Course and prognosis of sarcoidosis | Sarcoidosis

Course and prognosis of sarcoidosis

The prognosis for sarcoidosis is relatively good overall, but depends strongly on the stage of the disease in which the patient is diagnosed.In stage 1, in acute cases, 90% of patients experience spontaneous healing, and even in stage 2 there is still a relatively high rate of spontaneous healing. In stage 3, however, the use of glucocorticoids such as cortisone is recommended for therapy, often requiring a very long hospital stay. In any case, the course of the disease must be monitored very closely. Suitable control parameters include a lung function test and blood tests. The mortality rate caused by sarcoidosis and its consequences is estimated to be about 5%.

Causes of Sarcoidosis

Many attempts have been made to clarify the cause of sarcoidosis, so far unfortunately in vain. Due to a high incidence of sarcoidosis in families and in identical twins, it has been assumed for some time that it is a genetic defect. In 2005, a specific gene (the BTNL2 gene) was discovered, which increases the risk of developing sarcoidosis by at least 60% when mutated, i.e. altered.
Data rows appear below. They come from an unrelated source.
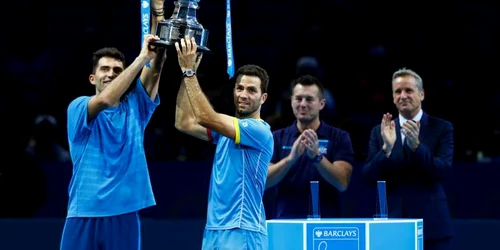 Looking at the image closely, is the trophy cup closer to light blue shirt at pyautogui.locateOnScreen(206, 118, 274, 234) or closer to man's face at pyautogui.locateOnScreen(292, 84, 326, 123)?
light blue shirt at pyautogui.locateOnScreen(206, 118, 274, 234)

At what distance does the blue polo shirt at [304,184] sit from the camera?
23.4 feet

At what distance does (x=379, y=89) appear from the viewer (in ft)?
35.4

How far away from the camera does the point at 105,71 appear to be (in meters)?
5.88

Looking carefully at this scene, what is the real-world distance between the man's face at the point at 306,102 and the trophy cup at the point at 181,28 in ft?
5.06

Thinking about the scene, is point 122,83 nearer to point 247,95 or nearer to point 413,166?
point 247,95

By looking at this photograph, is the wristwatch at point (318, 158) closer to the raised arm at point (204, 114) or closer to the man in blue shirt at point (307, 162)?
the man in blue shirt at point (307, 162)

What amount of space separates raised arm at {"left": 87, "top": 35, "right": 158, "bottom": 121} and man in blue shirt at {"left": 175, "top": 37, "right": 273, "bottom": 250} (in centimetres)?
17

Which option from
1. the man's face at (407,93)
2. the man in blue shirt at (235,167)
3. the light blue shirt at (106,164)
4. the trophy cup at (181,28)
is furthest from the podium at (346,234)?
the trophy cup at (181,28)

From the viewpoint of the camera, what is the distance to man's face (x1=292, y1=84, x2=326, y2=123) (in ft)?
23.6

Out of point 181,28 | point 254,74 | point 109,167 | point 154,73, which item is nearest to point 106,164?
point 109,167

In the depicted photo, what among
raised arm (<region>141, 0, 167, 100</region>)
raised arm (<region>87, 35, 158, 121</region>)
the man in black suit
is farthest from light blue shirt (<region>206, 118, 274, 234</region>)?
the man in black suit

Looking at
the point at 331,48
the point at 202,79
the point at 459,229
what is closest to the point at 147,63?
the point at 459,229

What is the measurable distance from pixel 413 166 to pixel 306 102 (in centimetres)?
85

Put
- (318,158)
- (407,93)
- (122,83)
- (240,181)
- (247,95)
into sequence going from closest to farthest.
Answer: (122,83)
(240,181)
(247,95)
(318,158)
(407,93) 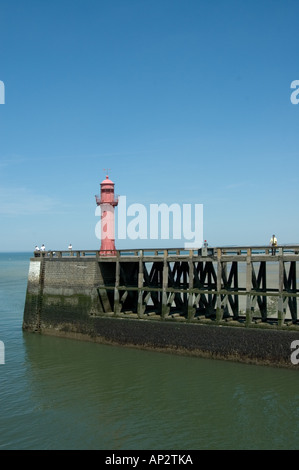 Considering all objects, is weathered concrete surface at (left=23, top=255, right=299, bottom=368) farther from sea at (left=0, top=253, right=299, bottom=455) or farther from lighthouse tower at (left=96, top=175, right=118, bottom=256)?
lighthouse tower at (left=96, top=175, right=118, bottom=256)

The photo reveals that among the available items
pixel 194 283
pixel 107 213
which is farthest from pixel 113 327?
pixel 107 213

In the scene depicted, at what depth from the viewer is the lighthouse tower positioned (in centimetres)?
2419

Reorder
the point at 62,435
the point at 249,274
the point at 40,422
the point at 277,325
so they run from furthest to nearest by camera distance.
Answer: the point at 249,274 < the point at 277,325 < the point at 40,422 < the point at 62,435

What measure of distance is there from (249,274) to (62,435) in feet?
31.1

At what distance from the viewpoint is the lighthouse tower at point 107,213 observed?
24188mm

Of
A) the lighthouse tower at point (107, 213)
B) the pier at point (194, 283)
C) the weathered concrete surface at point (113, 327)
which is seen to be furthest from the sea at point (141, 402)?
the lighthouse tower at point (107, 213)

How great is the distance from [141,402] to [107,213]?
1240cm

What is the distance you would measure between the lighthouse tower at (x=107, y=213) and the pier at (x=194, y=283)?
4.29ft

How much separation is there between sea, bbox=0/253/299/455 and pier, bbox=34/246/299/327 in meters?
2.33

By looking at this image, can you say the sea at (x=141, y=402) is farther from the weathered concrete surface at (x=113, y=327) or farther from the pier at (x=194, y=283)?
the pier at (x=194, y=283)

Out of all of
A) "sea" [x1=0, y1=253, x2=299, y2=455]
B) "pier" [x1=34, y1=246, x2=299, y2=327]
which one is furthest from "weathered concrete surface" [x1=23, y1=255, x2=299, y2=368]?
"sea" [x1=0, y1=253, x2=299, y2=455] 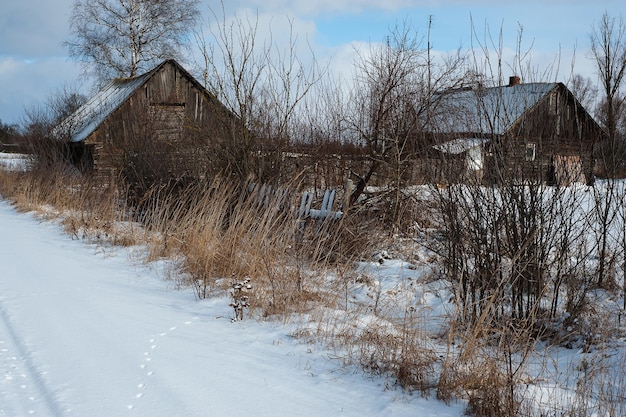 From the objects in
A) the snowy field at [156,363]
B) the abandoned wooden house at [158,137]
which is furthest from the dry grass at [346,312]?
the abandoned wooden house at [158,137]

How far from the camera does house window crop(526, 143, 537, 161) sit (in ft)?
14.6

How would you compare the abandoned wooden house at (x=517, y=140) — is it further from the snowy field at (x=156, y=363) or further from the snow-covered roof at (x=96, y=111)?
the snow-covered roof at (x=96, y=111)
The gene is located on chromosome 6, and at the center of the disease (sarcoidosis) is an abnormal and excessive immune response (immune system) of the body to a specific substance, a specific antigen, which is still unknown. Some bacteria, viruses and organic substances have already been mentioned as triggers. If such a substance enters the body, the organism in some people reacts excessively and tries to protect itself against the substance. This happens with the help of granuloma formation, i.e. nodular formation, in which a kind of protective wall is built up around the substance from various cells so that it cannot spread further. Very specific cell types are involved in the formation of these granulomas, so-called epitheloid cells and also lymphocytes (sarcoidosis).

Diagnosis of Sarcoidosis

In addition to the physical examination, various imaging procedures and laboratory tests are available for the diagnosis of sarcoidosis. An X-ray of the ribcage is taken as standard. The other diagnostic methods are described in more detail below for the particularly interested reader: A pulmonary lavage (BAL, bronchoalveolar lavage) is performed to cytologically examine the secretion obtained.
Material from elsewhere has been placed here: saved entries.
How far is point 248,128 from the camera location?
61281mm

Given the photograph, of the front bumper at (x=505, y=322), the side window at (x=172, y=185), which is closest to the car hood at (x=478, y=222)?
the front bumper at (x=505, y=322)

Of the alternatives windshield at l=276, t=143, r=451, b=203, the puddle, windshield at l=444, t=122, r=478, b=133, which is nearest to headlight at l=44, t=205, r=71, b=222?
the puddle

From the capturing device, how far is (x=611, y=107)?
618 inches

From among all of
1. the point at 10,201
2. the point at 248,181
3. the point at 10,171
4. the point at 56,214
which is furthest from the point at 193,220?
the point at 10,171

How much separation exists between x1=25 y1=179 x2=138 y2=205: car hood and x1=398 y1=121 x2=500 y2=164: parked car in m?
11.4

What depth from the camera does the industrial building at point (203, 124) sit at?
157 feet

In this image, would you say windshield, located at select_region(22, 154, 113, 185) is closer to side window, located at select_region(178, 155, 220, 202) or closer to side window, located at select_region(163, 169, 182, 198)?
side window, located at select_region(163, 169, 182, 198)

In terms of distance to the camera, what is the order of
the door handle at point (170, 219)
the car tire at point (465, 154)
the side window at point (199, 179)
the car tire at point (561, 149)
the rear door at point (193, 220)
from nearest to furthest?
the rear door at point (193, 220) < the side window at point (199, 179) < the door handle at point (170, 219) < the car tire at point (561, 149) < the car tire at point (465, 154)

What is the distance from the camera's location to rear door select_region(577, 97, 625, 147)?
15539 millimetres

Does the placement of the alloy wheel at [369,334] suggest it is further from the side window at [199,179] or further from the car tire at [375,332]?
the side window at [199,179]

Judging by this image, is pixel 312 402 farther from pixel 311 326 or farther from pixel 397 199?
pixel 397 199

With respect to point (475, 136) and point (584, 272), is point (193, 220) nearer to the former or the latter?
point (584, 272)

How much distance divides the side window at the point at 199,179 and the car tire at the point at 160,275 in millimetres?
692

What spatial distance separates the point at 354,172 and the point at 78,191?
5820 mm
In sarcoidosis, lymphocytic alveolitis (inflammation of the pulmonary alveoli with increased levels of lymphocytes) with an increased CD4/CD8 ratio is observed: This means that although there are more T-cells (immune cells), their function is disturbed. It is also possible to take a biopsy of lymph nodes of the lung or a biopsy of lung tissue during a lung endoscopy. The histological examination of the tissue shows non-caustic epithelioid cell granulomas (connective tissue nodules) with giant Langhans cells and a border wall of lymphocytes, monocytes and connective tissue cells.

Blood tests for sarcoidosis show elevated inflammation levels and an increased blood sedimentation rate (BSG). In addition, the values for antibodies and immunoglobulin G are elevated. In the case of kidney involvement, calcium and calcitriol are elevated.
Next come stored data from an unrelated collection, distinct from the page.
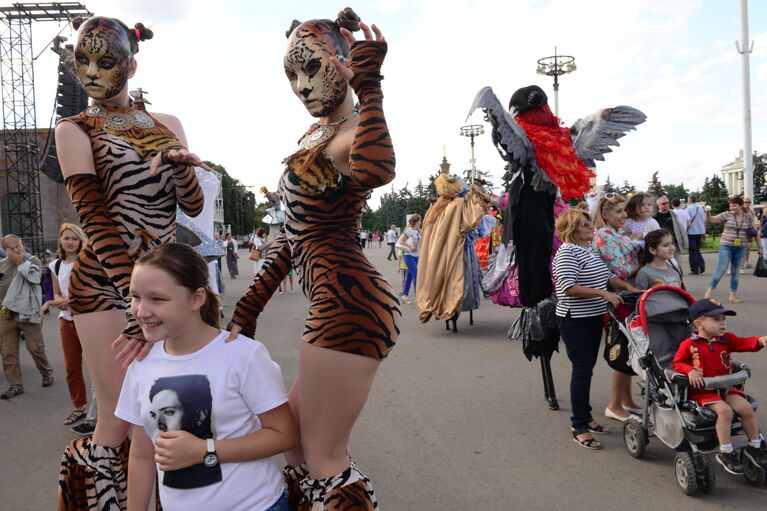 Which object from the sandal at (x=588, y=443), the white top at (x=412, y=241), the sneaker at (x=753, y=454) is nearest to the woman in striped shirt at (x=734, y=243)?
the white top at (x=412, y=241)

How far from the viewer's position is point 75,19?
2357mm

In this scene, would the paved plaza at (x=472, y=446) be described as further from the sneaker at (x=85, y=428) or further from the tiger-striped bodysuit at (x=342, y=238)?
the tiger-striped bodysuit at (x=342, y=238)

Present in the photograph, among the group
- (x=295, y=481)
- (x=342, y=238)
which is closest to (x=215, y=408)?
(x=295, y=481)

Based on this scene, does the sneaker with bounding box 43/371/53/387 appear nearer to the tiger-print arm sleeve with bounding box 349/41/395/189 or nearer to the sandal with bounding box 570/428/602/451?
the sandal with bounding box 570/428/602/451

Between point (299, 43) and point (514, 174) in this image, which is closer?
point (299, 43)

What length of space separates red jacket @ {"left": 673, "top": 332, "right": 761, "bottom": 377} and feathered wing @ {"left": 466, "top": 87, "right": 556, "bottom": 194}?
4.47ft

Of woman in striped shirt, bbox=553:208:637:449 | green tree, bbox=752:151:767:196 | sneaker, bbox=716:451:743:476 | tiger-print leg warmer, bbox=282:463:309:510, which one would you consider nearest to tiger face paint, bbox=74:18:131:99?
tiger-print leg warmer, bbox=282:463:309:510

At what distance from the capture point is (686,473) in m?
3.12

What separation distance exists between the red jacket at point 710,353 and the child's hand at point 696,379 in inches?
2.1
Further tests include creatinine, urea and a urine test to assess kidney function. Lung function is examined by spirometry. ACE (angiotensin converting enzymes) and S-IL-2R (soluble IL-2 receptor) are activity markers for lung diseases, they decrease with successful therapy of sarcoidosis. Further examinations in sarcoidosis include an ECG to rule out arrhythmia of the heart, a visit to the ophthalmologist (eye involvement?) and a tuberculin test (which is negative because of the disturbed T-cell function).